Dad and I at a Carson-Newman game in 2013 in the USA

To kick off the first DSF Coaching Conversations Podcast season I opened with speaking to my father, Stuart Foster. Stuart has been a mentor and coach for close to 30 years across the sporting and professional arenas. He not only coached myself for many years growing up but even after I moved to the USA he continued coaching and mentoring U18s teams in order to develop them as people and players.

Following a serious health experience in 2017, Stuart went on a journey of introspection and self-discovery. This process facilitated the exploration of his core values and core identity. Furthermore, he is now sharing his experience and his increased knowledge base in the area of self-care and mental fitness in the workplace.

Serving others

“My core identity is about helping others and serving others and I get a lot of personal satisfaction out of performing those types of activities, or activities that give me those things. Those translate into my own personal values around compassion and connection with others, as well as growth, both growth for myself personally, and growth for the people that I’ve been fortunate enough to coach the last 25 years or so.”

While helping others grow has always been a priority for Stuart, the process of self-discovery enabled him to now be more consciously aware to live through these values through his daily interactions and relationships as he continues coaching and mentoring. Every interaction is a possibility to support and encourage, whether it be a conversation with someone who has come for help, or whether it be with the host handing over the takeaway at the weekend.

“Coaching” style

“When I think about how I’ve coached sporting teams, sometimes it’s about telling them what to do, sometimes it’s about guiding them – you still know what the answer is but you still want to give a bit of authority to the player and to the team. Finally, it’s about exploration, as the individuals and the team become far more mature you give the vehicle to the team and they explore those avenues by themselves. Then as a coach you then set them free onto the pitch.”

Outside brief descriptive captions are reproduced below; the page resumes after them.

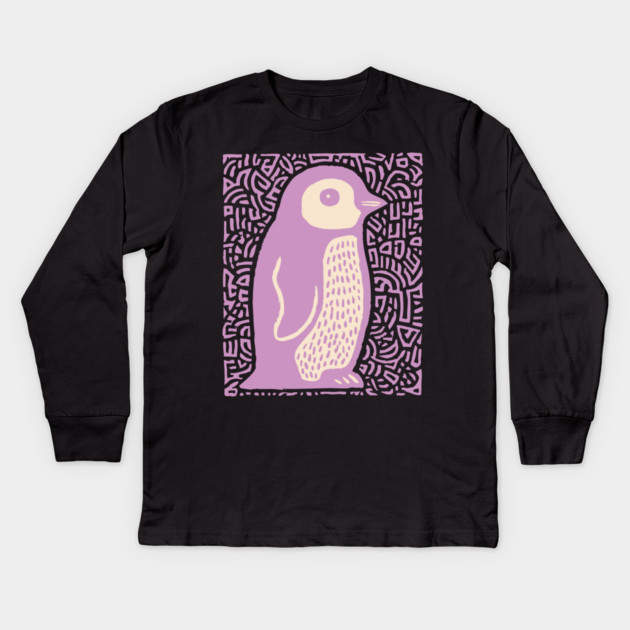 Psychedelic Purple Penguin | Abstract Pop Art Bird Kids Long Sleeve T-Shirt by TuncGK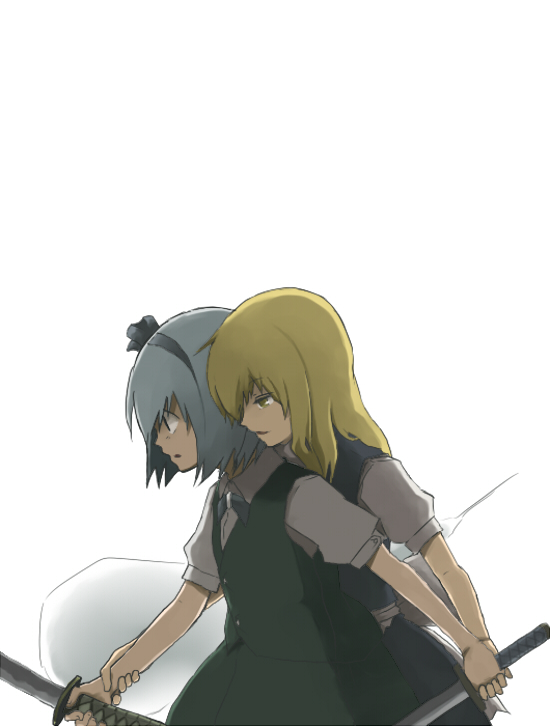 katayudetamago, kirisame marisa, konpaku youmu, konpaku youmu (ghost), touhou, bad id, bad pixiv id, 2girls, blonde hair, dual wielding, female focus, hitodama, holding, holding another's wrist, multiple girls, surprised, tanto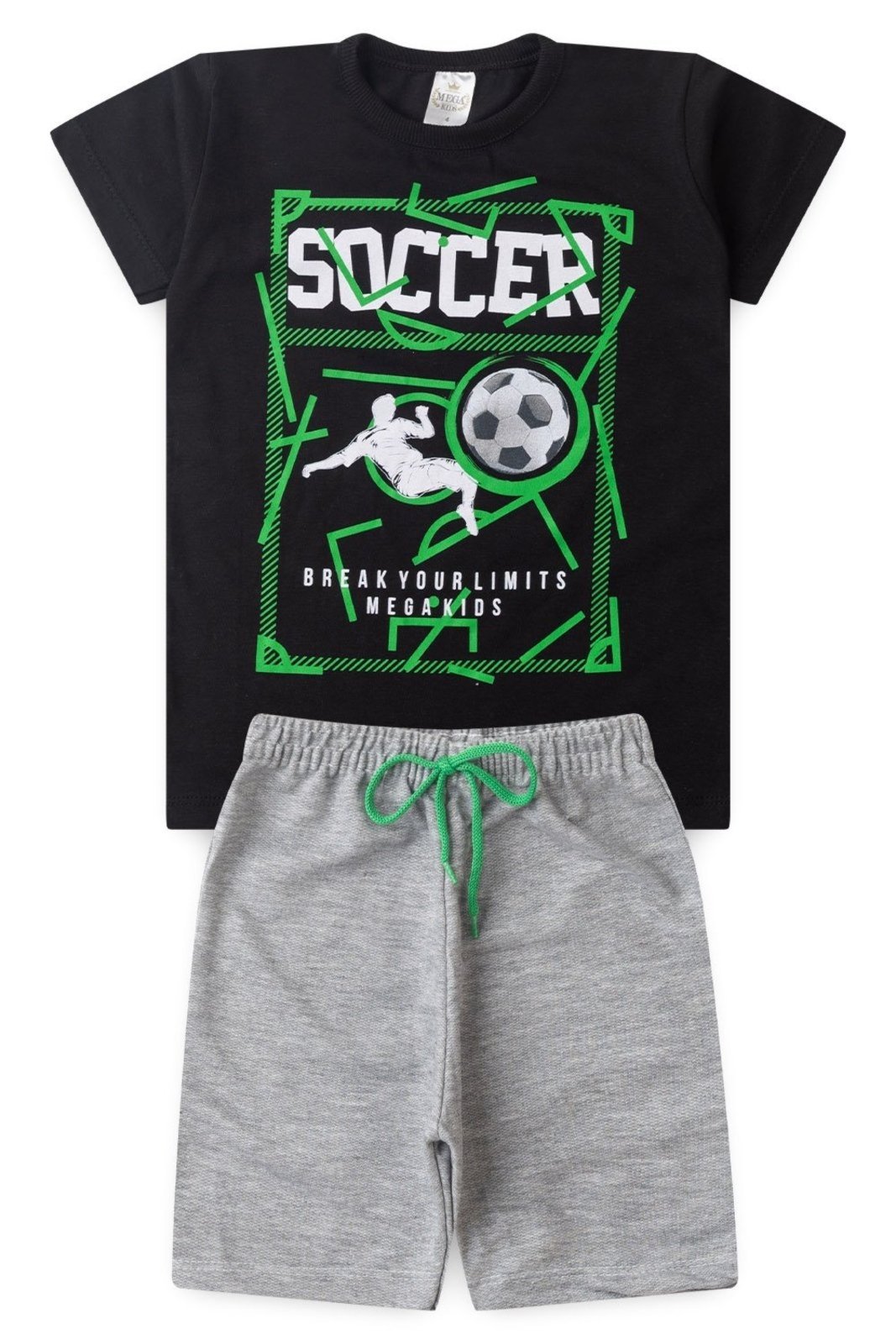 Vista 2 Infantil - Conjunto Verão Masculino Soccer - Preto Mega Kids unico Mega Kids unico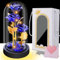 Rose Geschenke Valentinstag für Frauen, Geschenke für Frauen, Ewige Rose im Glas, Valentinstagsgeschenk für Sie, Geburtstagsgeschenk für Mama Freundin Oma, Schöne und das Biest Rose mit LED, Blau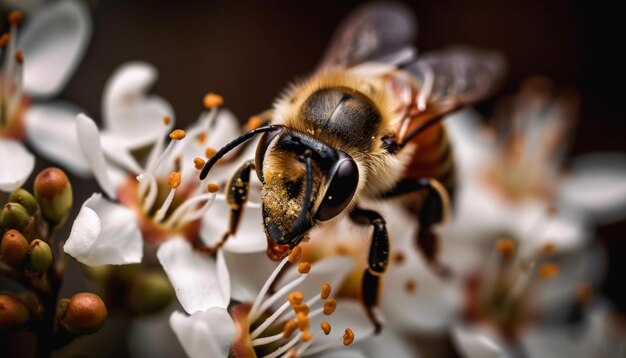 Busy honey bee pollinates yellow flower head generated by ai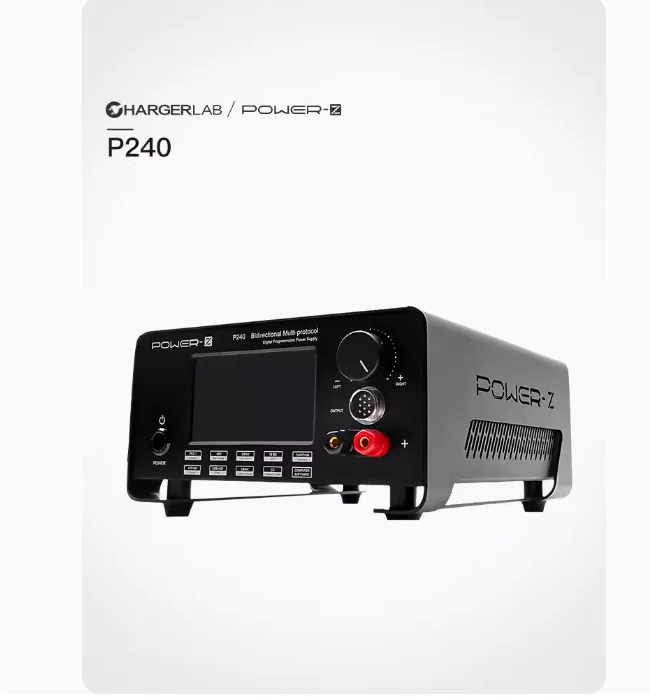 

POWER-Z P240 многопротокольный двунаправленный источник питания поддерживает питание протокола AFC FCP SCP SSCP VOOC PD3.1 UFCS и нагрузку 2 режима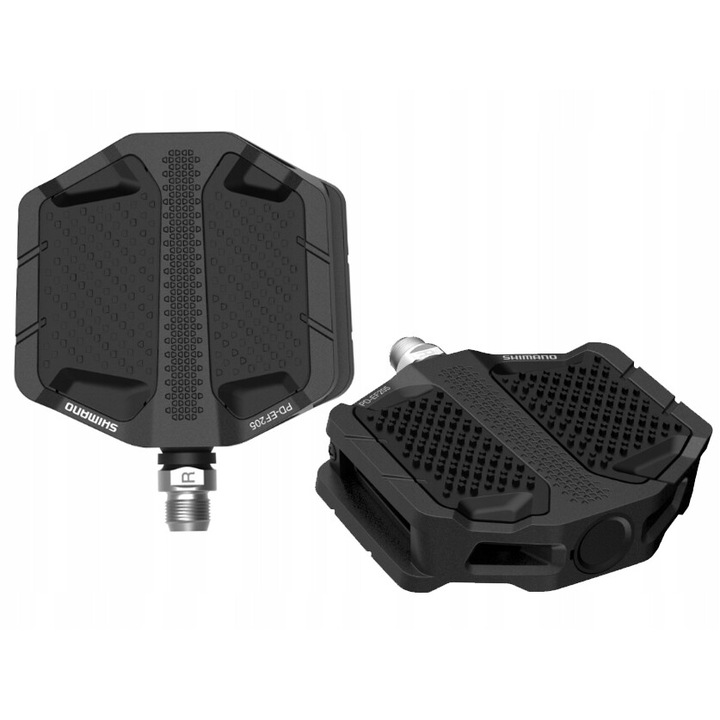 Set 2 pedale, Shimano, Aluminiu, Negru, 91x97mm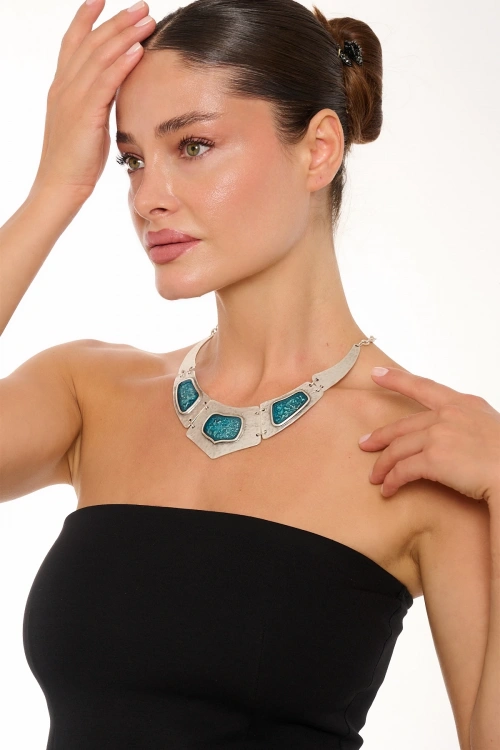 Kiraz Turquoise Enemaled Silver Plated Necklace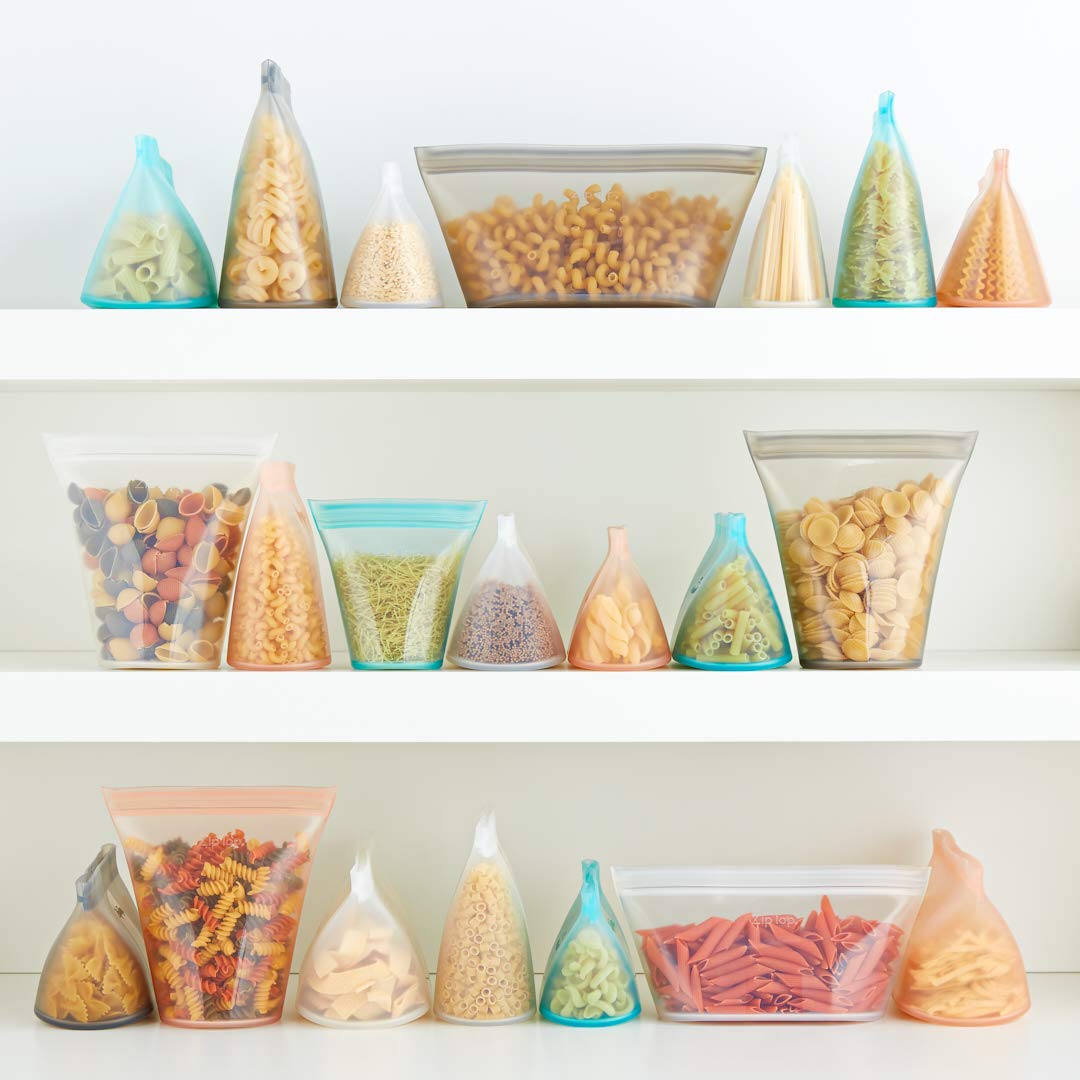 Zip Top 100% Silicone Reusable Food Storage Set (8‑Piece, Teal) | TRUE Shift Zero‑Plastic Meal Prep Set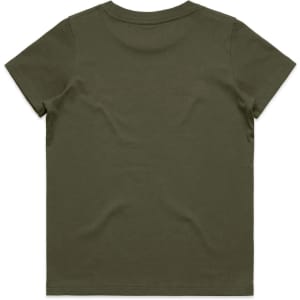 A plain olive green children's T-shirt with short sleeves and a simple design. Features a logo on the back.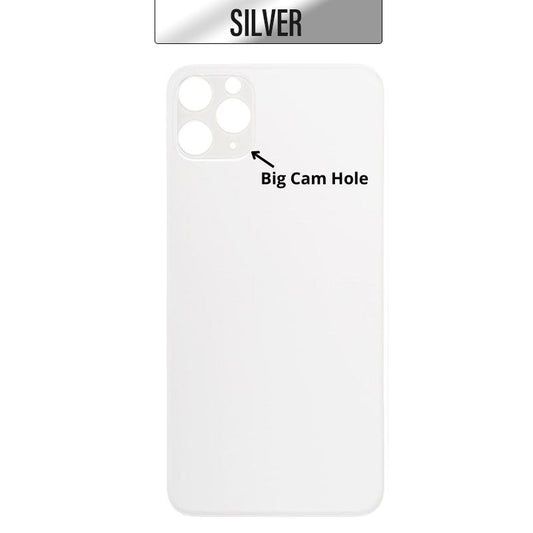 iPhone 11 Pro Max Back Glass Cover (Big Camera Hole) - Silver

When I asked Stuart about his coaching style, it piggybacked off of us talking about his parenting style towards me and my sister, Shelley, that he shares with my my mother, Linda. Firstly, important to note is the fact that coaches will not have the answers and the appropriate style for every single scenario and individual that they will encounter. However, through building knowledge and experience, coaches are able to grow their toolbox in terms of interpreting situations and adapting their communication style based upon this.

Stuart’s description of tell, guide, explore and set free is something that I have discussed at many workshops and with many coaches since our conversation. It involves increasing your situational, emotional and personal awareness and adapting your coaching based upon the information gathered in a constantly evolving environment.

People first

“What’s their body language when they first walk through the door? Are some of them really up and their ready for it, others are just rocking up because they’ve been told to turn up. It’s going to tell you a lot about the individual athlete before you’ve even asked them a question or even asked them to perform in any way.”

In the podcast Stuart asked me about the work that I do with individuals and teams and this led into a conversation about observation and connection. Observation is facilitated by the foundation of getting to know the athlete and building that relationship. You can then begin to understand their personality, know some of their world outside of sport, and recognise tendencies.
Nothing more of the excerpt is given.